Wenn man ein siebzehnjähriger Matrose ist, groß und stark genug, um sich verteidigen zu können, dann hört es auf. Er sah die schwarzen und braunen Menschen, die die Brigg beluden und löschten. Sie gehörten nicht sich selbst. Sie waren der Besitz des Tampens, und er dachte, wie es ihm wohl ergehen würde, wenn er einer von ihnen wäre, bis an sein Grab von Schlägen verfolgt. Hätte man ihn schließlich gebrochen? Oder hätte er nach jemandem gesucht, an den er seine Demütigung hätte weitergeben können, nur um sich selbst als Mensch zu fühlen? Hätte er einen Karo zum Totschlagen gefunden, ein Haus zum Niederbrennen, eine Frau, die er in den Wahnsinn trieb?
     
    Wir trafen uns jeden Winter in Marstal und sahen uns an. Wir wurden allmählich zu Männern. Wir bekamen tief liegende Augen. Unsere Backenknochen stachen mehr und mehr hervor, als wären sie geschwollen, als hätten die Schläge, die wir im Lauf der Zeit bekamen, ihre Spuren für immer hinterlassen.

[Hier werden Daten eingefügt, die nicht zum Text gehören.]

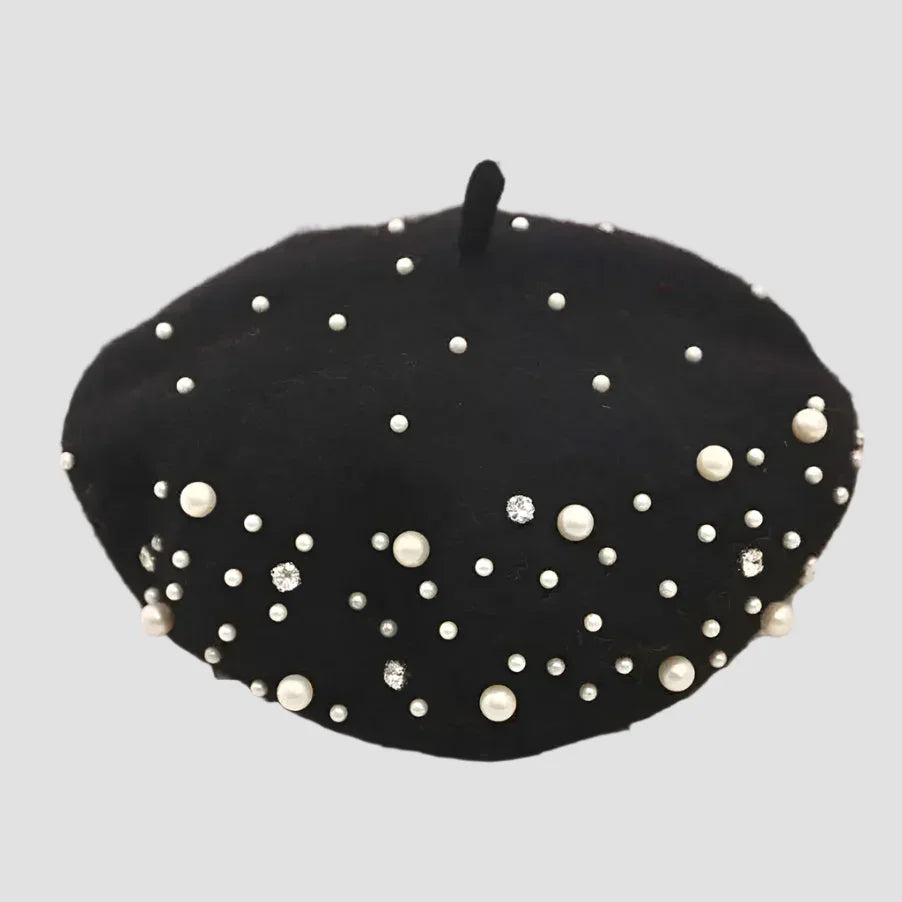 Black beret with pearl and rhinestone embellishments.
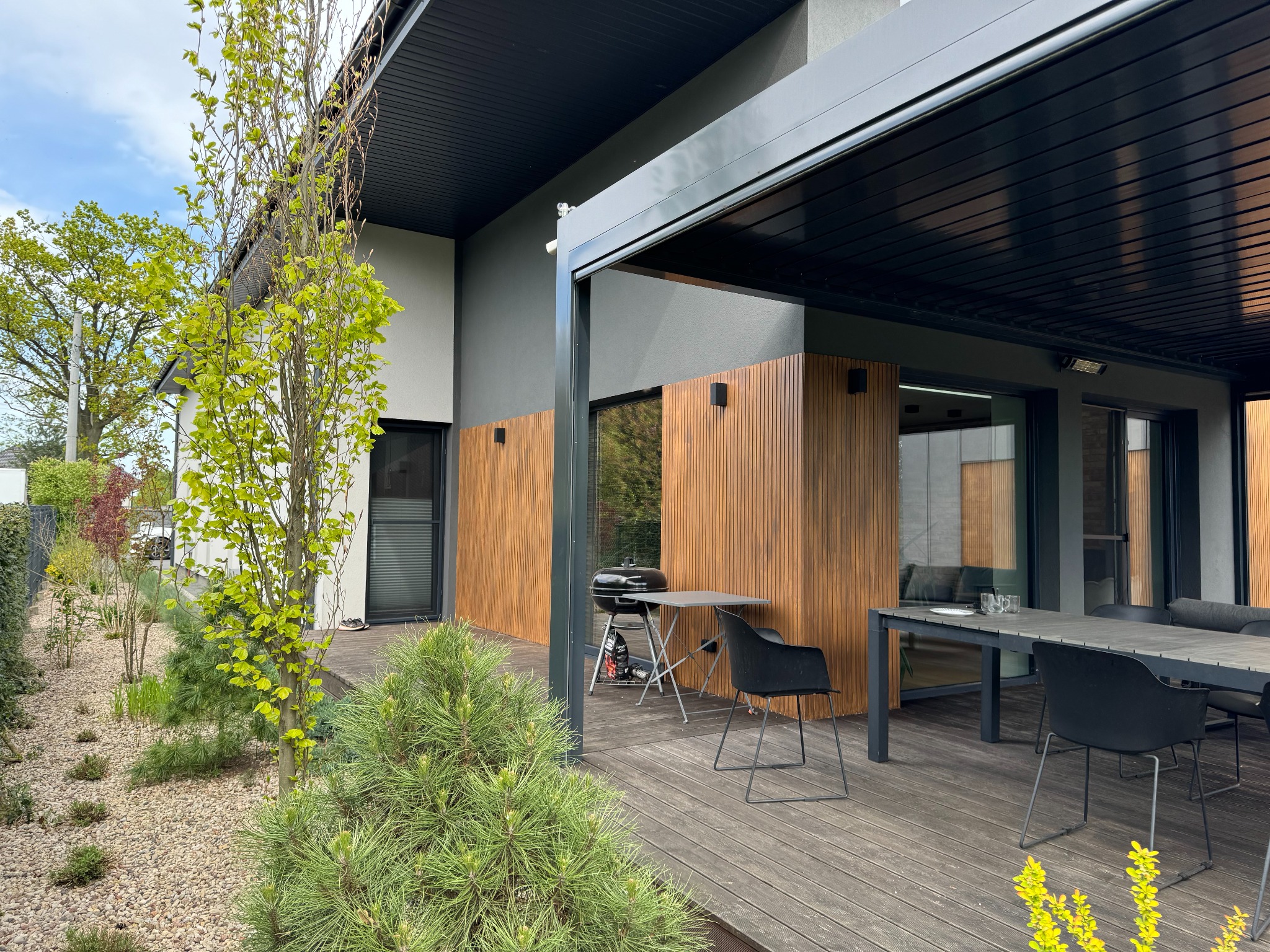 Nowoczesny dom z drewnianą elewacją i tarasem. Widoczne meble ogrodowe, grill. W tle zieleń ogrodu i błękitne niebo. Całość w stonowanej kolorystyce.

Aber unsere Hände wurden größer und die Handflächen härter. Unsere Oberarme schwollen an, und auf den Unterarmen wetteiferten die Sehnen und Adern um ihren Platz unter dem blauen Spinngewebe der Tätowierungen. Wir wuchsen und wurden stark im Trotz gegen den Tampen.
    Albert kehrte nicht nach Hause zurück.
     
    Er kam nach Hamburg zurück und brach sofort wieder auf, diesmal nach Südamerika. Bei seiner Rückkehr musterte er in Antwerpen ab und ließ sich von einer Liverpooler Bark anheuern, die nach Cardiff segelte, um Kohle zu laden. Er wollte Englisch lernen.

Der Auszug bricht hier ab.